## Data block:
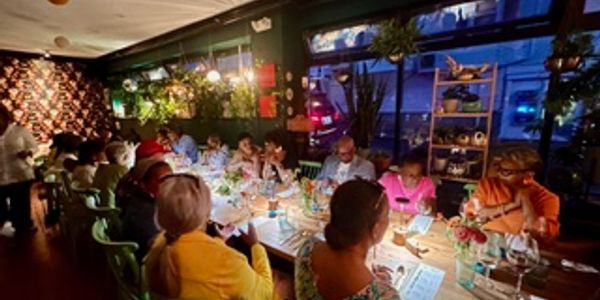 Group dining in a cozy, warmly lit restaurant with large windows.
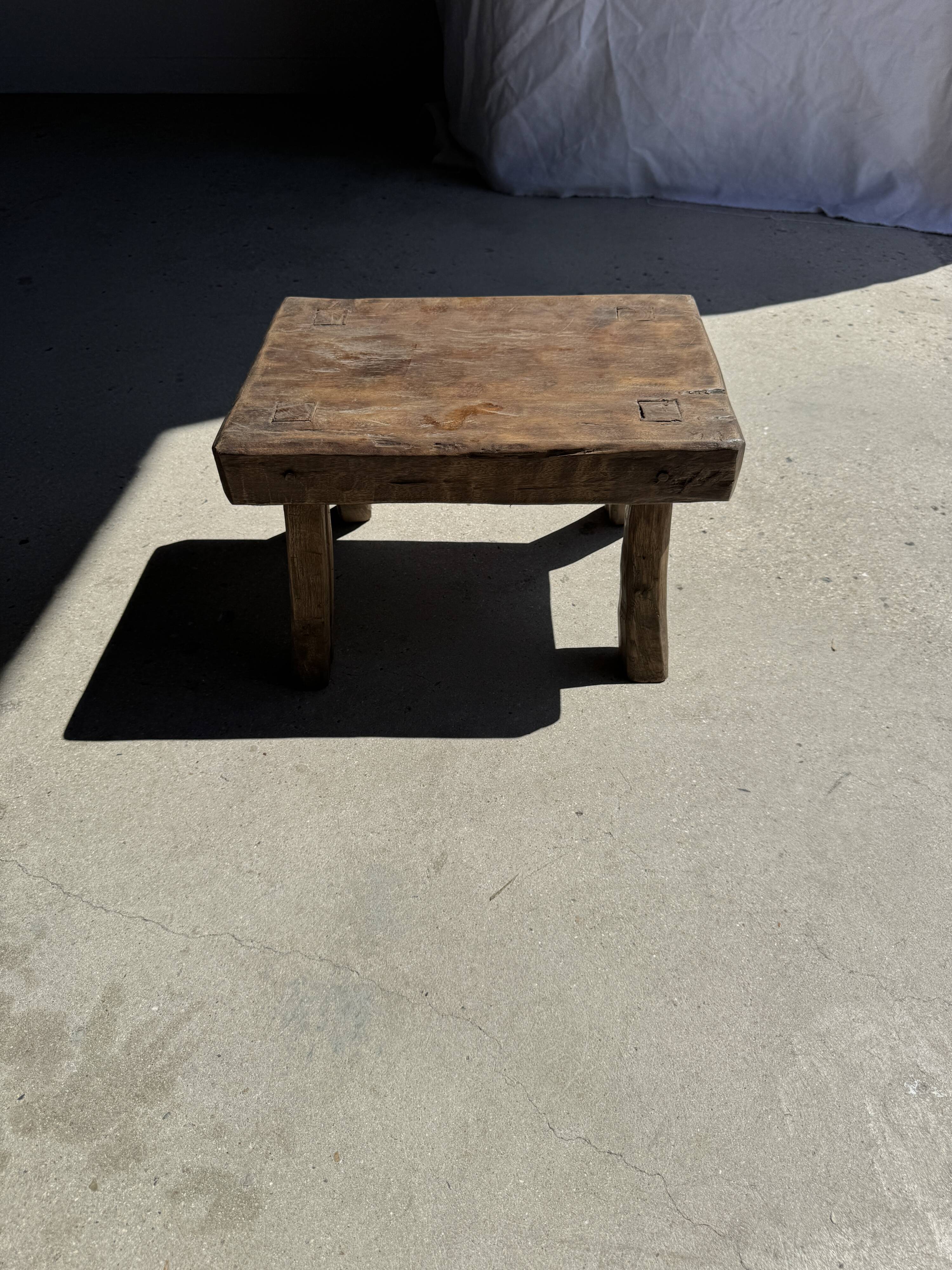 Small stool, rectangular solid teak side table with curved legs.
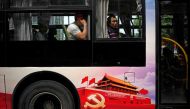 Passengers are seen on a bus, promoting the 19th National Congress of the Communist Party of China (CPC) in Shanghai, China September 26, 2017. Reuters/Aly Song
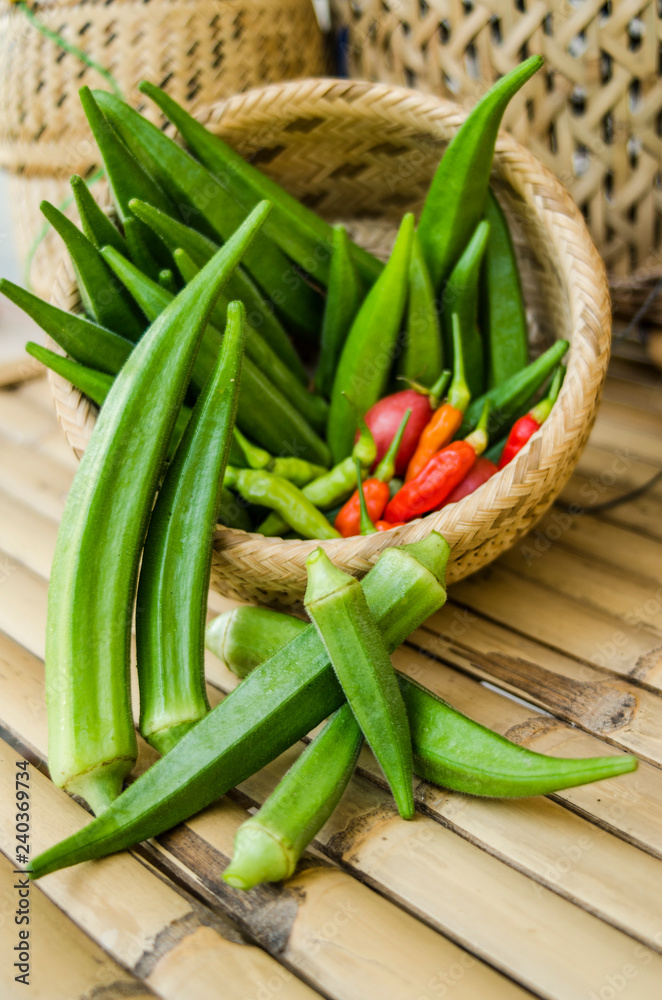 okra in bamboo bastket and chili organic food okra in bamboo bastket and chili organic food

## Your instructions:
Give again the lines from the line that contains "Passengers are seen" through the last line of the material above, exactly and with both ends included. Omit the pictures.

## Your solution:
 Passengers are seen on a bus, promoting the 19th National Congress of the Communist Party of China (CPC) in Shanghai, China September 26, 2017. Reuters/Aly Song
 okra in bamboo bastket and chili organic food okra in bamboo bastket and chili organic food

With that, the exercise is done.